In a series of personal essays, World Enough and Time explores the way primary people and places influence our lives. It also reflects on writing, aging, belief, one's doubts, regrets, and satisfactions.
Of the hundreds of people we encounter in a lifetime, only a few influence us profoundly. Carlisle writes about his parents, professors, a university president, and his wife-individuals "who have made me who I am." Carlisle also reflects on the way primary places in his life have shaped him-his hometown, Lake Michigan, and the mountain valley where he lived for ten years. His hometown and stable family provided a solid base but also forced him to contend with the town's class and race prejudice. Lake Michigan has always inspired him with its beauty and sobered him with its violence. Clover Hollow helped him understand the value of a past he had rejected for decades.
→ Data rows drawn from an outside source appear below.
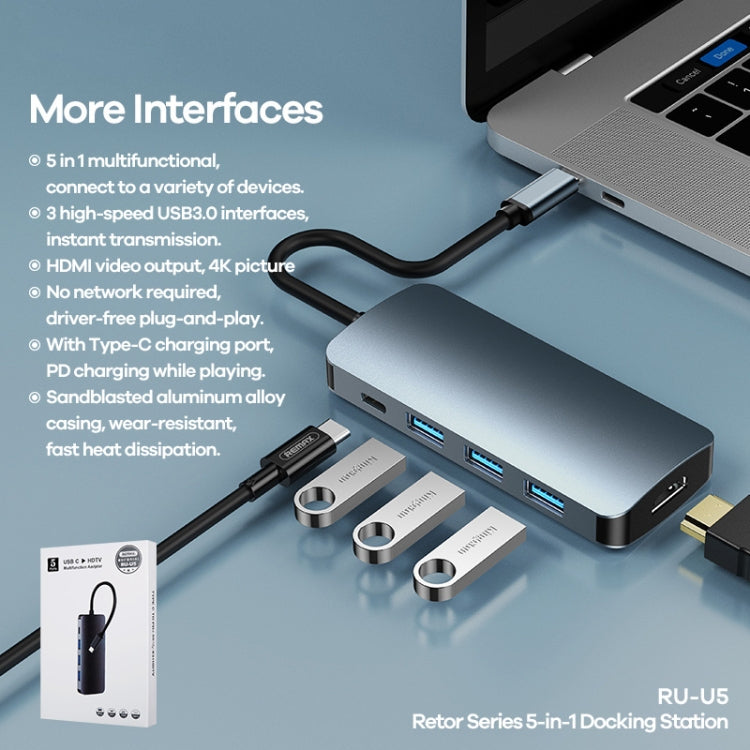 Remax RU-U5 5 In1 Multi-function Type-C / USB-C HUB Docking?Station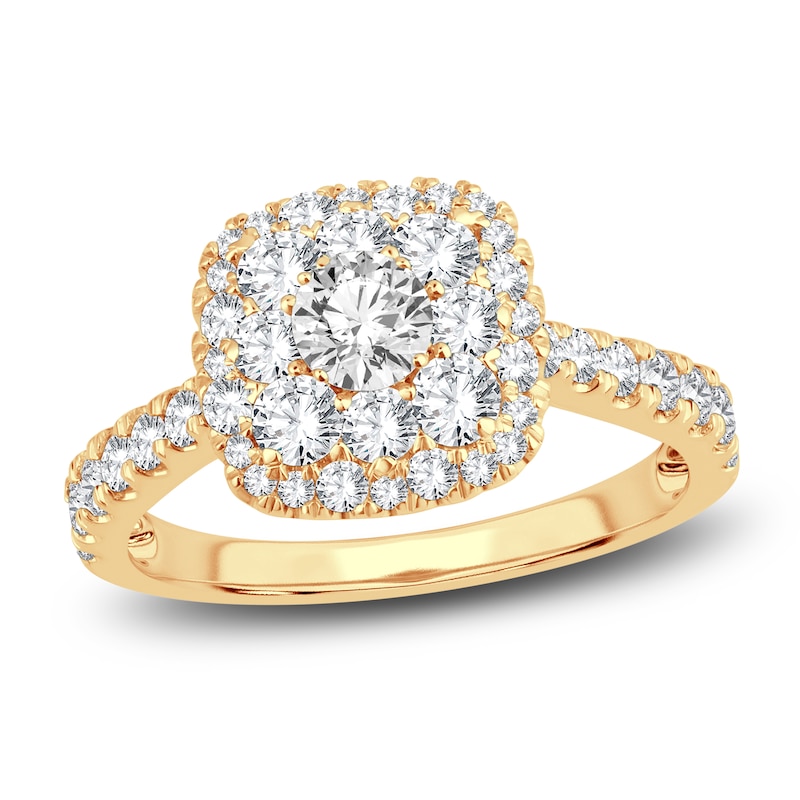 Main Image 1 of Diamond Engagement Ring 1-1/2 ct tw Round 14K Yellow Gold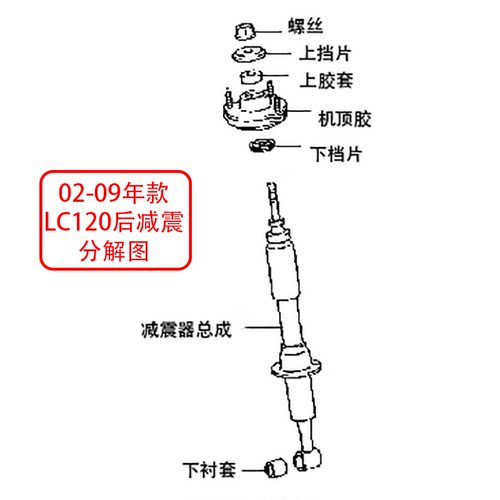 霸道LC120减震器胶套日本原厂
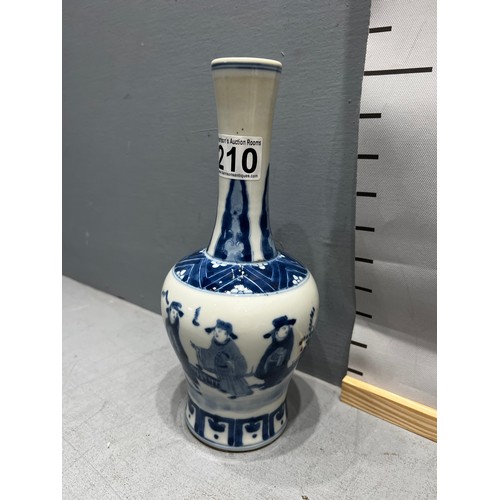 210 - Blue & white Chinese vase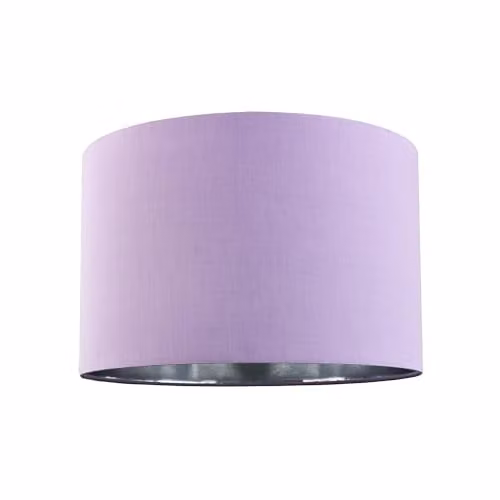 Happy Homewares Lilac Cotton Circular Drum Lamp Shade with Silver Inner, Diameter: 25.4 cm – 1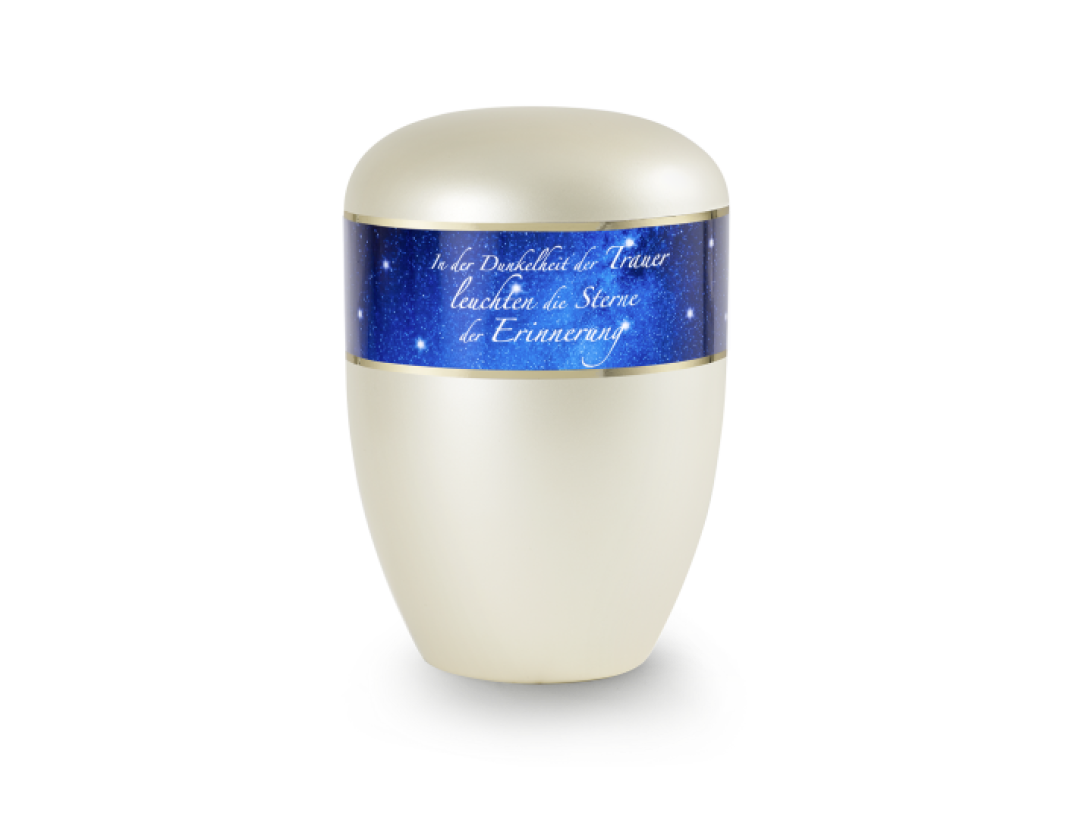 Edition Poesie, perlmutt champagner , Sternenhimmel, In der Dunkelheit der Trauer…,  biol. abbaub. Edition Poesie, perlmutt champagner , Sternenhimmel, In der Dunkelheit der Trauer…,  biol. abbaub.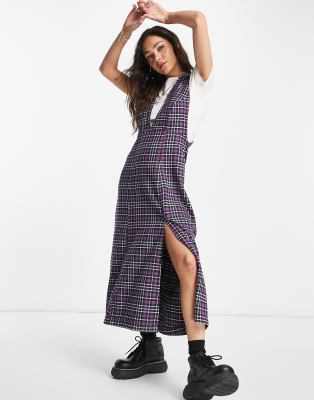 Topshop tartan 2025 pinafore dress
The essay "A Time Migrant's Journey through Higher Education" traces the dramatic and disorienting change in universities since the 1960s as professor and provost Carlisle experienced it-from academia's post-World War II promise and growth, through the disruptions of the late '60s and '70s, into the culture wars and the subsequent loss of funding and prestige. Several essays reflect very personally on aging, dying, religious faith and doubt, the author's regrets, but also on his satisfactions.
The book invites readers to think about the places and people in their own lives, as well as about aging, belief, regrets, and satisfaction.